TASK GOAL —
Pictures stay out of the copy; set down each line of the listing below exactly.

DATA —
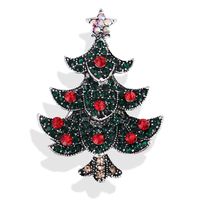 Fashion Christmas Tree Elk Alloy Plating Rhinestones Women's Brooches sku image 31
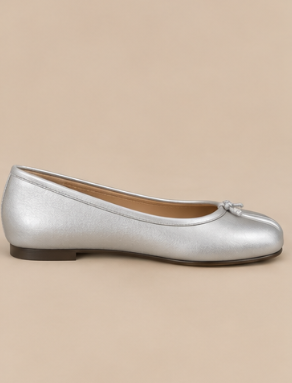 Ballerine Tabi Classique — Argenté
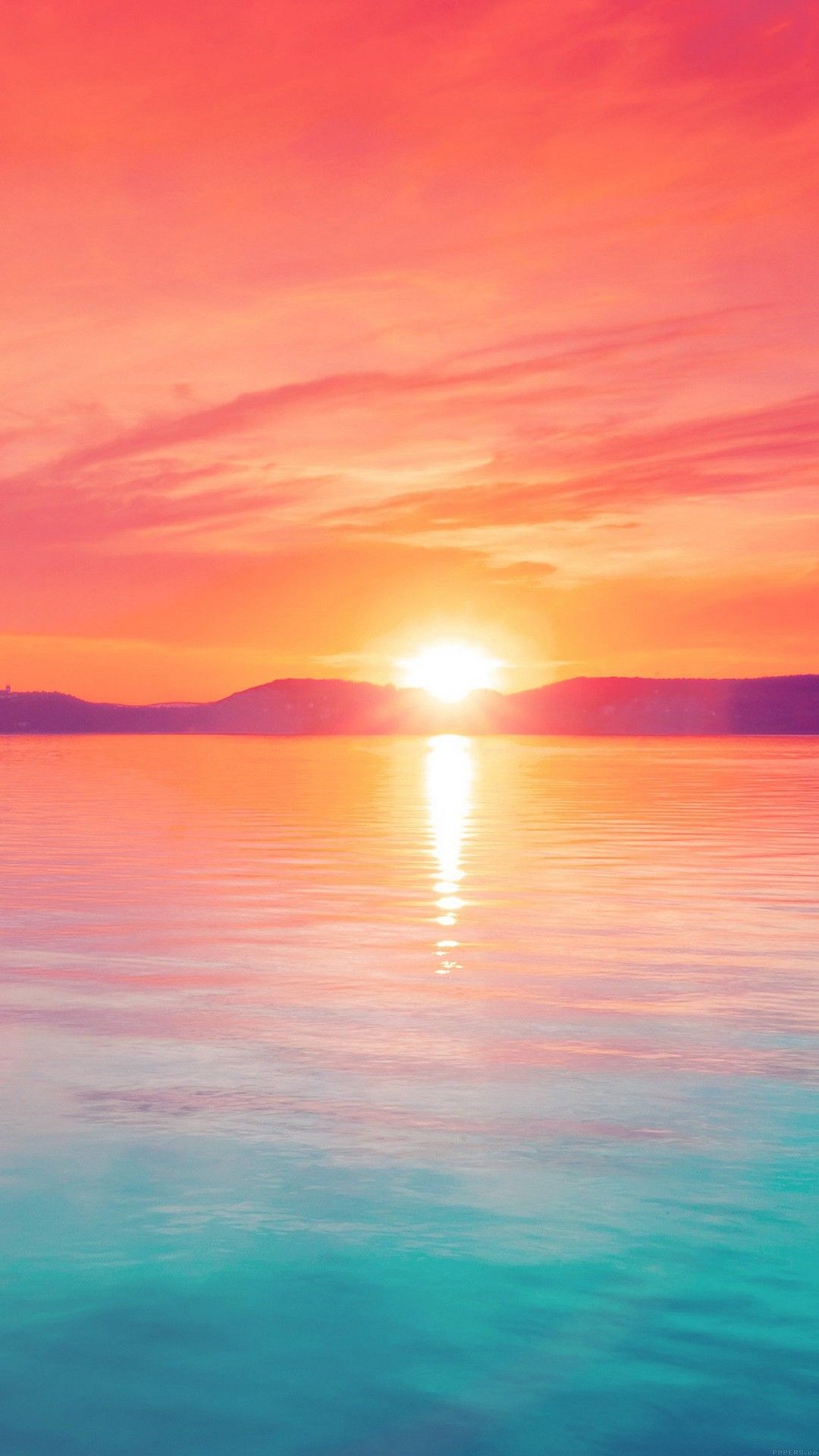 Gradient Calm Sunset Wallpapers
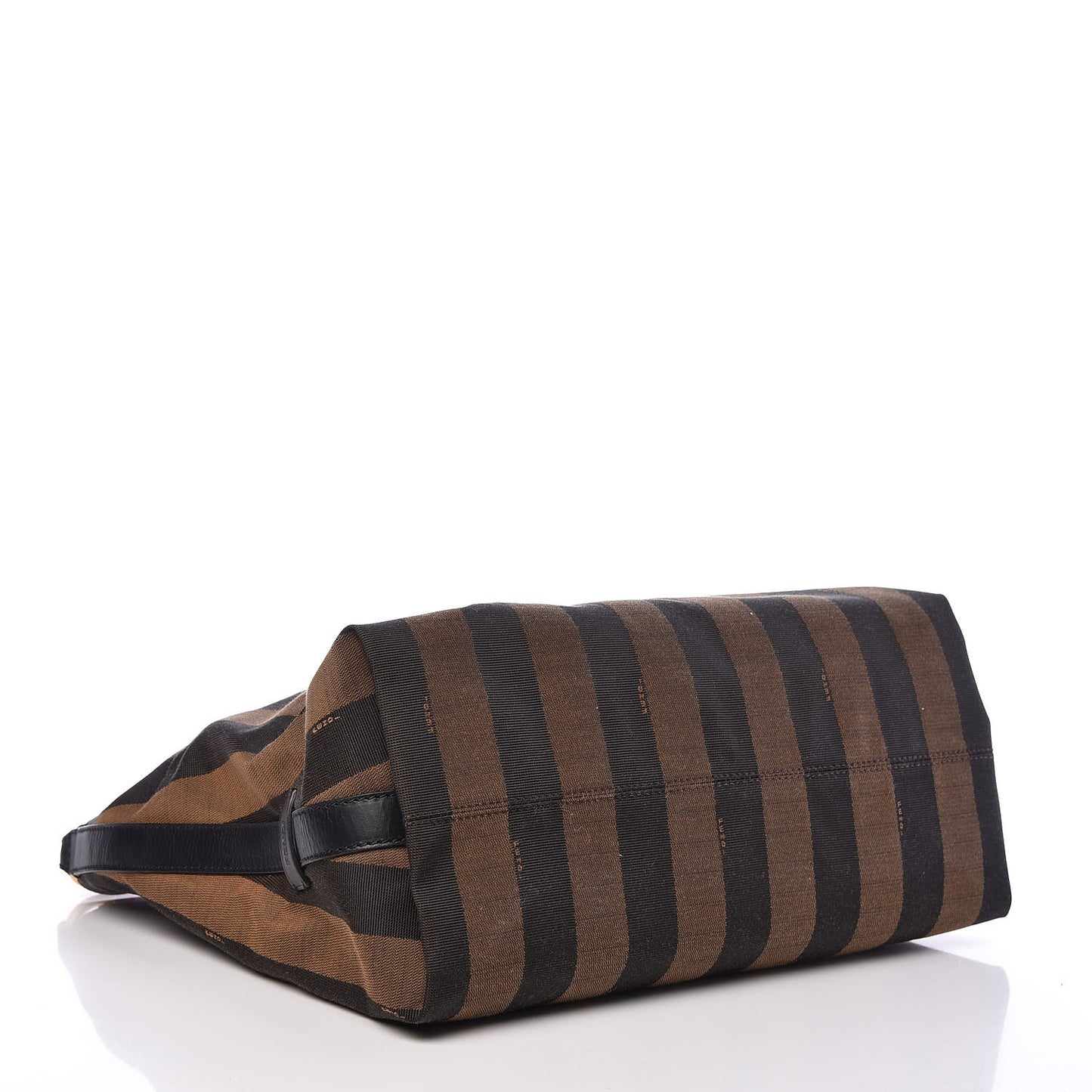 Pequin Cuoio Vegetale Large Hobo Tobacco Rosso Black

TASK RESULT —
 Fashion Christmas Tree Elk Alloy Plating Rhinestones Women's Brooches sku image 31
 Ballerine Tabi Classique — Argenté
 Gradient Calm Sunset Wallpapers
 Pequin Cuoio Vegetale Large Hobo Tobacco Rosso Black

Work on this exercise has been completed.